The system will present this information as a semantically enhanced hierarchy view of attributes with the statistics of all images that contain that attribute (i.e ‘has goatee’) or belong under an attribute category (i.e. ‘has facial hair’). When a user selects a level on this category they will be presented with a view showing the images associated with that category and an indication of whether they were classified correctly or not. In addition, the user should be able to switch between all images, correctly classified images, and misclassifications which cause the hierarchy view to update statistics and the images presented.

In the process of developing the overall system, we decided that the system will be evaluated based on how well it can answer a specific set of questions, termed competency questions. The competency questions acted as the guiding force for the development of the system, both conceptually and technically. When deciding which questions to use to guide our progress we wanted to make sure that the questions would demonstrate various forms of semantic knowledge. With these demonstrations of semantic knowledge, the user can be more easily assured that the system is designed well and will not cause errors or unexpected relations between concepts. The variety of problems being tested for through our competency questions make the system generally more reliable.
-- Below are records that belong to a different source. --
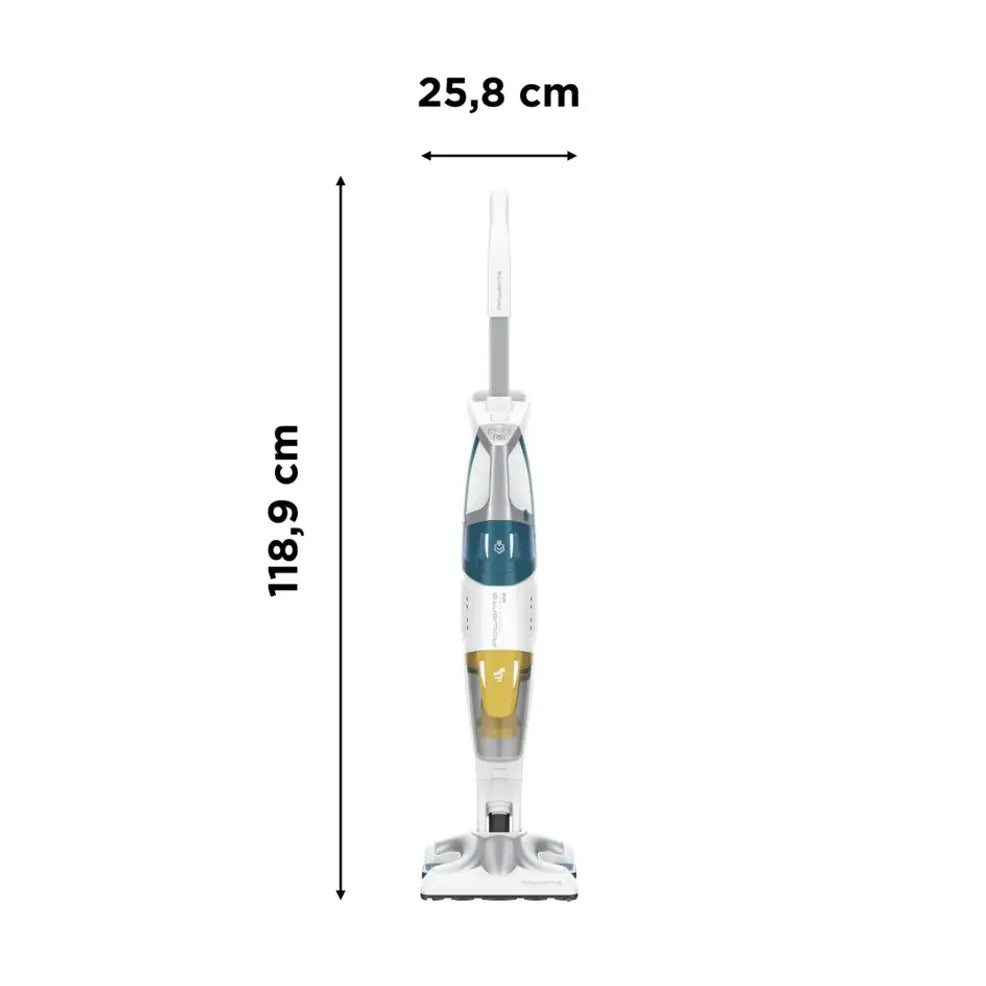 Rowenta Aspirateur vapeur Clean and Steam Multi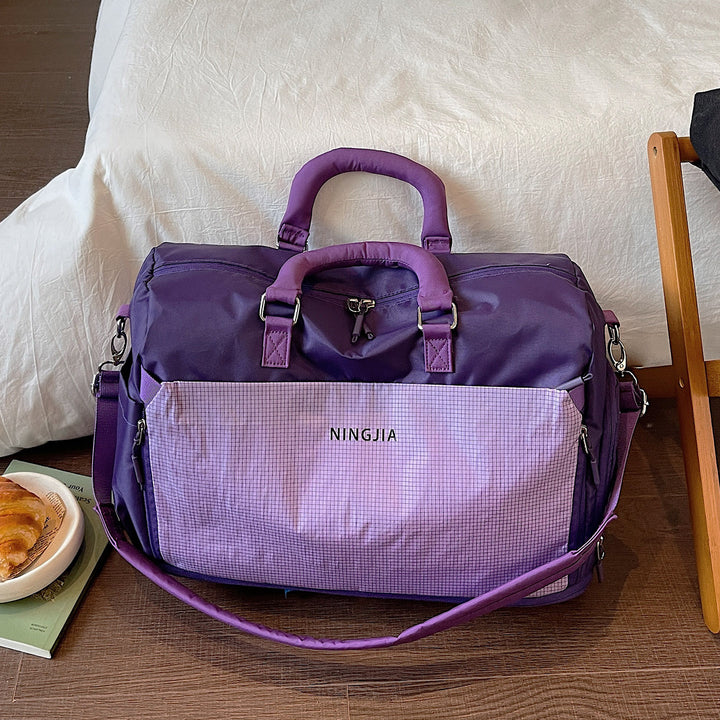 Versatile Travel Duffel Bag Bowlift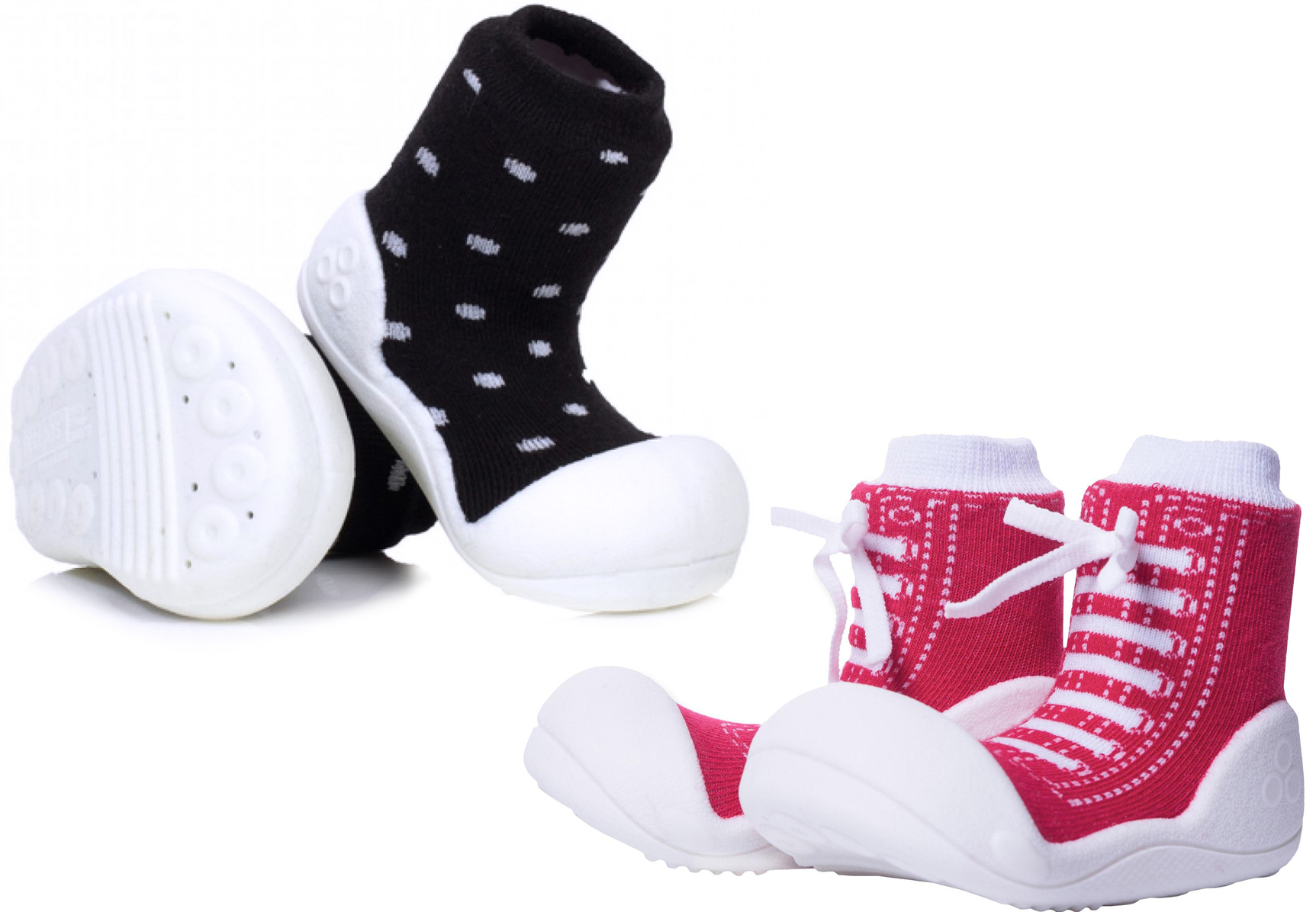 

Набор обуви для малышей Attipas Urban Dot+Sneakers Red 9,6-10,8 см 19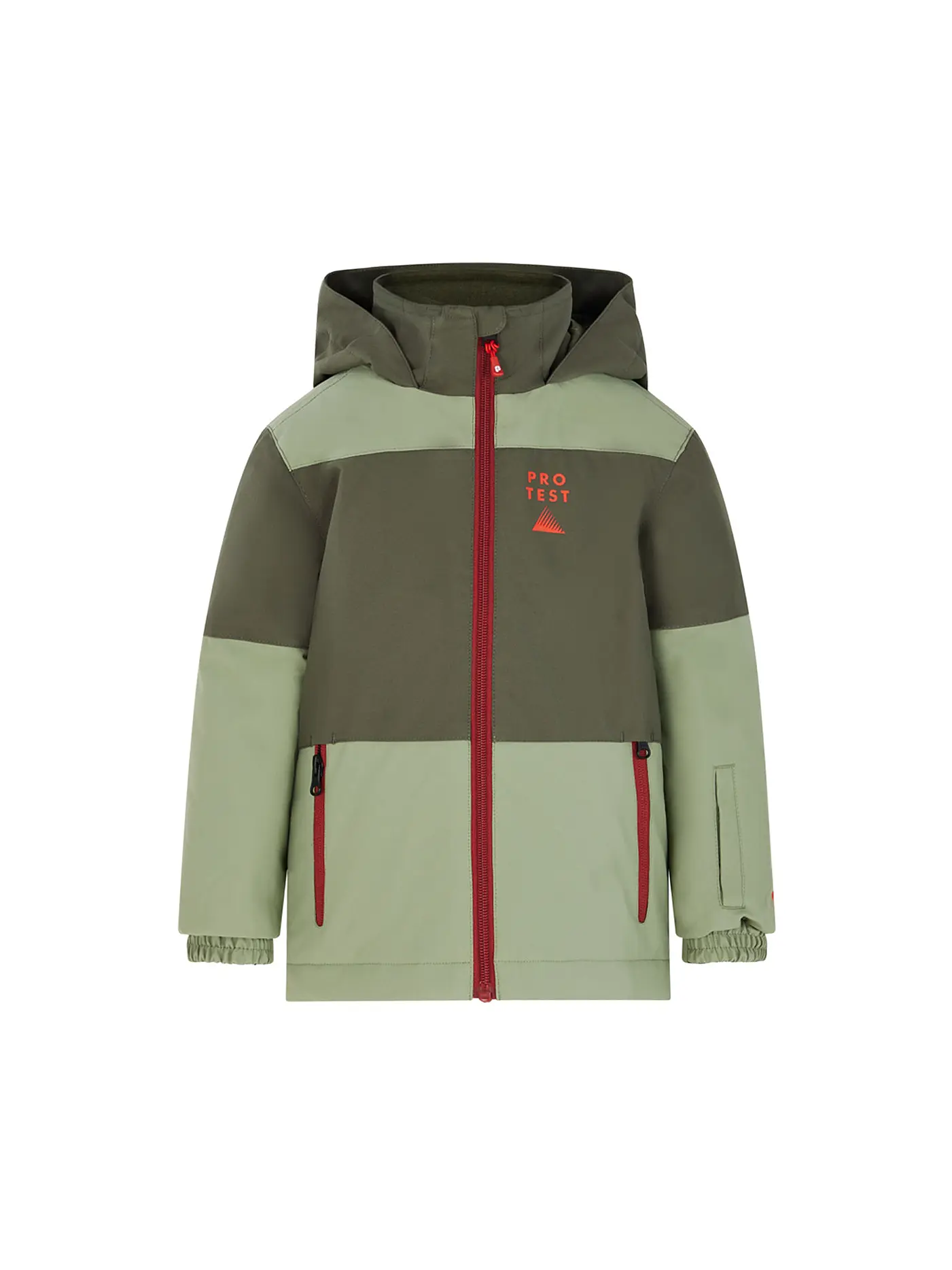 PROTEST | Mini Kinder Skijacke PRTPATRICE TD | 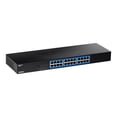 thumbnail image 2 of TRENDnet TEG-S25 Commutateur Gigabit 24 Ports, 2 of 4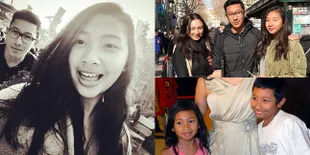 FOTO: Aya Putri Tommy Soeharto - Tata Yang Cantik & Manis Banget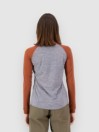 Mons Royale Icon Merino Raglan Funktionsshirt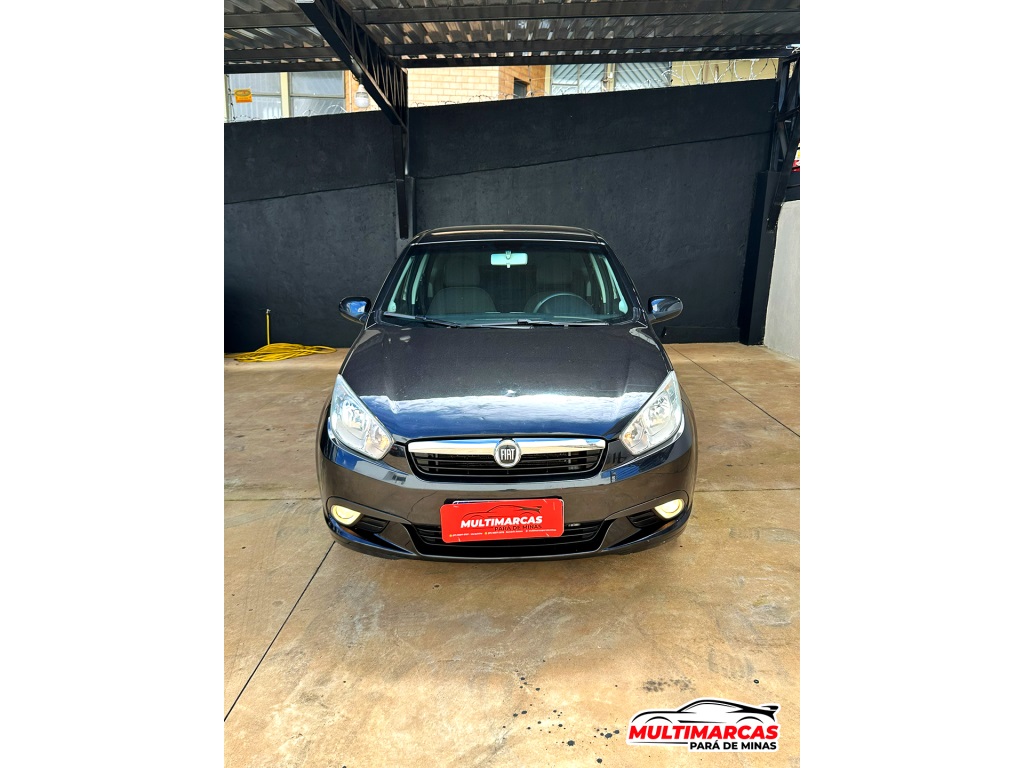 FIAT GRAND SIENA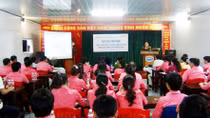 Tiếp tục đẩy mạnh công tác đấu tranh phòng, chống tệ nạn ma tuý và mại dâm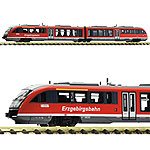 DMU Desiro BR 642 057-3 DBAG Ep6 DCC Sound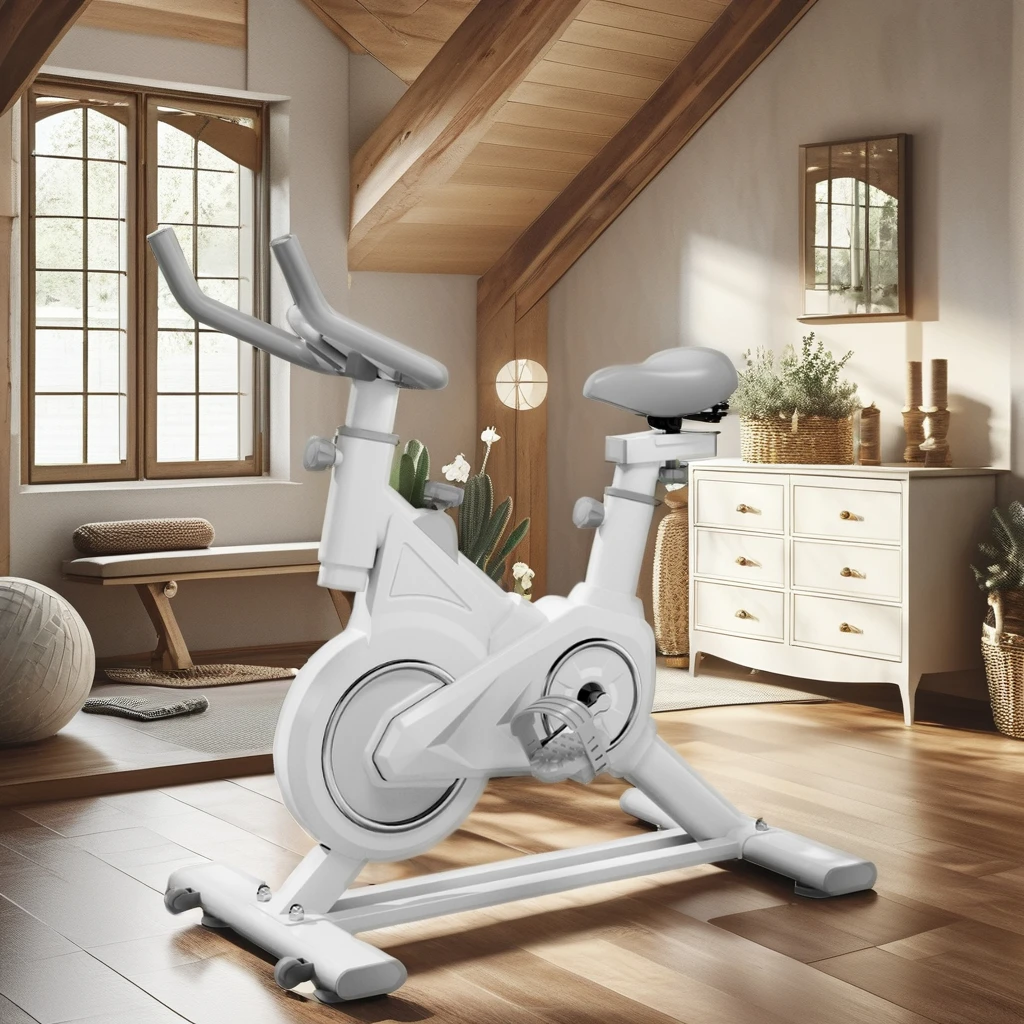 

XMSJ Professional Supplier Home Aerobic Exercise Air Magnetic Spin Bike Gym Equipment Fitness Indoor Spinning Bike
This question was chosen to show how the system could be used in a potential real-life scenario. This question also shows how useful a model would be in a more specific use case where the training data will likely not have a direct correlation with the desire of the user. This does, however, demonstrate the ability of a user to leverage the semantic understanding of the models into different information. For example, a user—let’s call him Greg—may decide that mugshots are likely to be indoor, posed photos with harsh lighting and of people with facial hair. If a user receives an answer of, “the model has 75% accuracy on images that match labels that the user associated with mugshots,” then the user now has an estimate of how useful their model will be for their use case.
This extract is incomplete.